> **DATA BLOCK**
--------------------

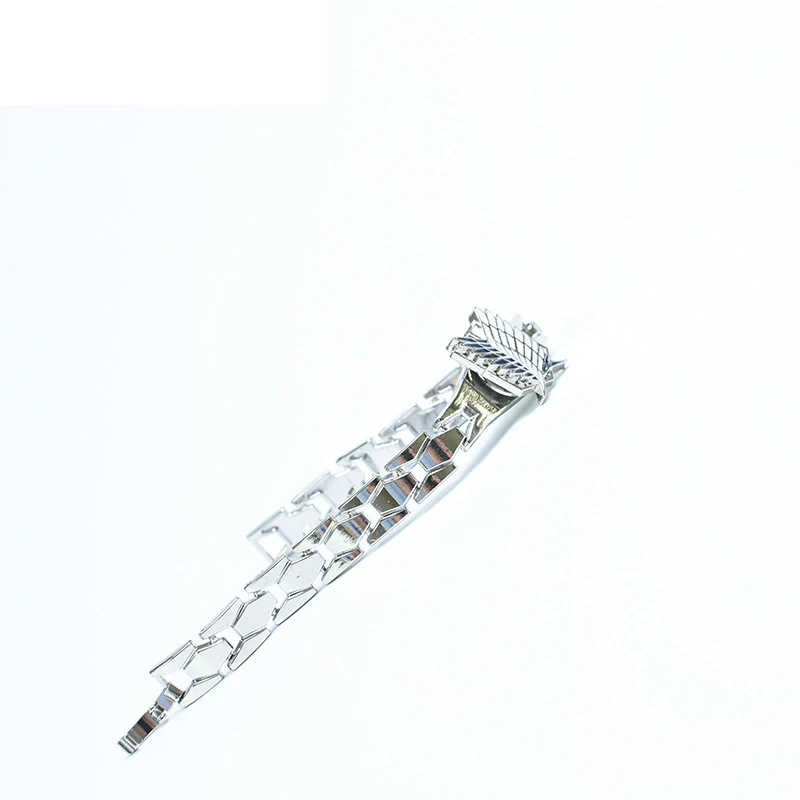 Браслет вращающийся для косплея с аниме атака на Титанов|Костюмы аниме| |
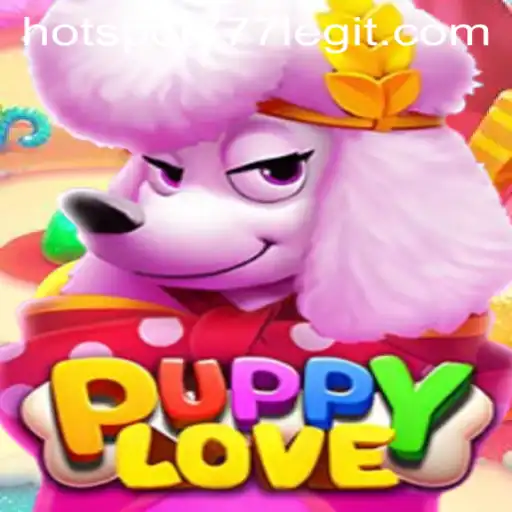 Explore PuppyLove: A Captivating Adventure Game with HOTSPOT777
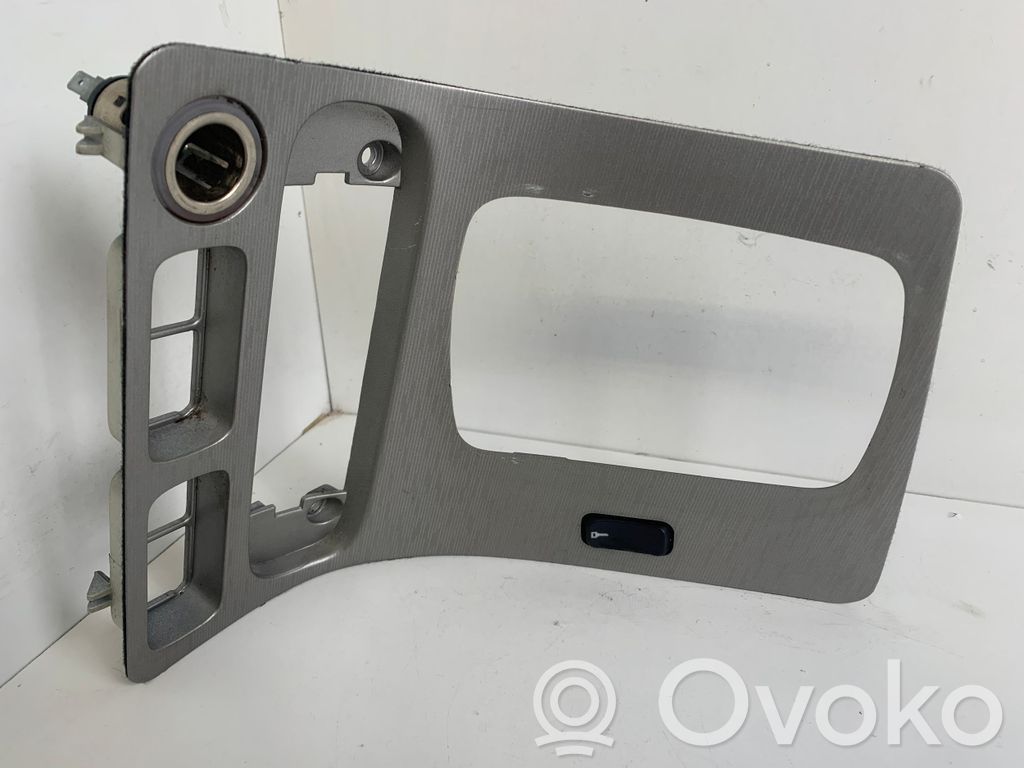 Saab 9-5 Altra parte interiore 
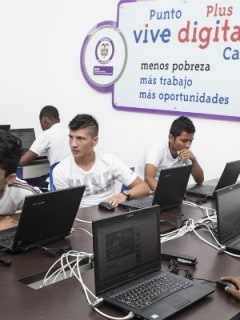 Vive Digital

--------------------

> **YOUR OBJECTIVE**
Skip the images and write out the rest of the listing exactly.

> **RESPONSE FOR THIS EXERCISE**
 Браслет вращающийся для косплея с аниме атака на Титанов|Костюмы аниме| |
 Explore PuppyLove: A Captivating Adventure Game with HOTSPOT777
 Saab 9-5 Altra parte interiore 
 Vive Digital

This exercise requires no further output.